> [Given data]:

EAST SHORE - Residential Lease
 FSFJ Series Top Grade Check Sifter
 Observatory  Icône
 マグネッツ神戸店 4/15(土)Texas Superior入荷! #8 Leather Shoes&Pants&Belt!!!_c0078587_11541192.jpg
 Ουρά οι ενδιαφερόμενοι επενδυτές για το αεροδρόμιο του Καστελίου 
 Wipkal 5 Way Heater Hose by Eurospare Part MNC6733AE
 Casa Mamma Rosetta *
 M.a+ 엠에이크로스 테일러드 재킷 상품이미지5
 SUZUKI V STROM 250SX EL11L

> [Work to complete]: Could you restate every entry above word for word?

> [Task solution]:
EAST SHORE - Residential Lease
 FSFJ Series Top Grade Check Sifter
 Observatory  Icône
 マグネッツ神戸店 4/15(土)Texas Superior入荷! #8 Leather Shoes&Pants&Belt!!!_c0078587_11541192.jpg
 Ουρά οι ενδιαφερόμενοι επενδυτές για το αεροδρόμιο του Καστελίου 
 Wipkal 5 Way Heater Hose by Eurospare Part MNC6733AE
 Casa Mamma Rosetta *
 M.a+ 엠에이크로스 테일러드 재킷 상품이미지5
 SUZUKI V STROM 250SX EL11L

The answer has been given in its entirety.